Il pareggio di Bergamo introduce alla stagione dei complimenti e dei rimpianti. Una stagione che si concluderà probabilmente non prima dell'inizio del prossimo mercato estivo. Tutti applaudiamo l'esemplare campionato gialloblu, il coraggio dimostrato partita dopo partita in campo, la gioia di alcune prestazioni incredibili, da incorniciare. Ma lo facciamo con il sorriso un po' tirato, con il groppo al cuore, perché ci rendiamo conto che - proprio nel finale - è mancata la scintilla finale. Quella che avrebbe tenuto aperta la speranza della promozione diretta ancora per qualche giorno e che consegna invece il Verona mestamente alla lotteria dei playoff e in condizioni precarie. La frustrazione dei tifosi (e molto probabilmente anche di giocatori e tecnici) è tutta qui: o si andava su diretti, oppure si va ai playoff senza poter contare sulla forza della Sampdoria, la compattezza del Sassuolo (o del Torino), la freschezza Varese. Noi adesso siamo una squadra
stanca e stressata, incapace di trovare continuità e persino di battere l'ultima in classifica in un normale posticipo serale, giocando con il supporto del pubblico a favore. Siamo in continua emergenza fisica e mentale.
Del resto, questo è il Verona. La nostra squadra non è stata costruita per competere per la serie A. L'organico a disposizione vale più o meno quello del Brescia e della Reggina, con alcuni giocatori di categoria superiore, qualche talento futuro, ma piena di gente a fine carriera logorati dagli infortuni o dell'età. I 15/20 punti di differenza in più stanno tutti nelle capacità eccezionali di Mandorlini. Ma i valori non si possono mascherare all'infinito.

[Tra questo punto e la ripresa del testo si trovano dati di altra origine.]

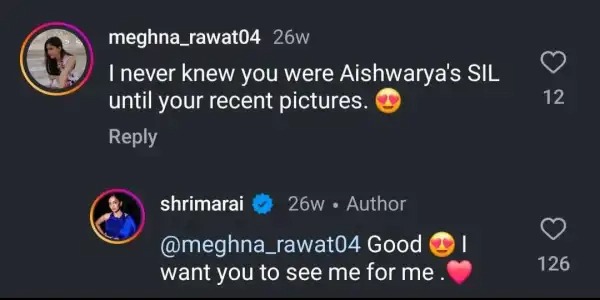 shrima rai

Poi, è anche vero che quest'anno ci poteva andare meglio. Al di là di qualche arbitraggio, sono mancati i cambi di gennaio a centrocampo e in attacco. Gomez da mesi è solo là davanti, l'unica alternativa è un terzo di Berrettoni (gli altri due terzi lo tengono bloccato in panchina); dietro Hallfredsson e Tachtisids sono stanchi morti. Si è rotto persino Rafael, il portiere più forte della categoria, nel momento critico della stagione.

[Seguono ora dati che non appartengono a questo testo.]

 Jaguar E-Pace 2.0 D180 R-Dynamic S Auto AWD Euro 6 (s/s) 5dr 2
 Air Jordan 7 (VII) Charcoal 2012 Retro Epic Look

Nel finale in salita sta andando tutto esattamente all'opposto dell'anno scorso, quando il Verona di questi tempi galoppava bello, forte e soprattutto sereno. A differenza dell'Alessandria che combatteva al suo interno con un passaggio di proprietà che poi non c'è stato; del Sorrento che si è vista mutilare di Paulinho, praticamente come togliere Messi al Barcellona; della Salernitana stressata dal dover giocare ogni partita con la pistola puntata alla tempia del vinci o fallisci.
Oggi a te, domani a me.
Ma qui si chiude anche il mio rammarico. Ho deciso che, a partire da questo momento, prenderò ogni partita che viene senza illusioni, ansie, fantasticherie, preoccupazioni. Voglio divertirmi per quello che potrà mai venir fuori e compiacermi per quanto mi sono divertito. Voglio vivere il finale di stagione per la bellezza che offre e non per quello che avrebbe potuto essere. Voglio sentirmi sazio e appagato e non più bulimico e tormentato. Qualunque cosa accadrà, saranno solo applausi compiaciuti.
Massimo
Colonna sonora: One, degli U2. Cosa altro se no?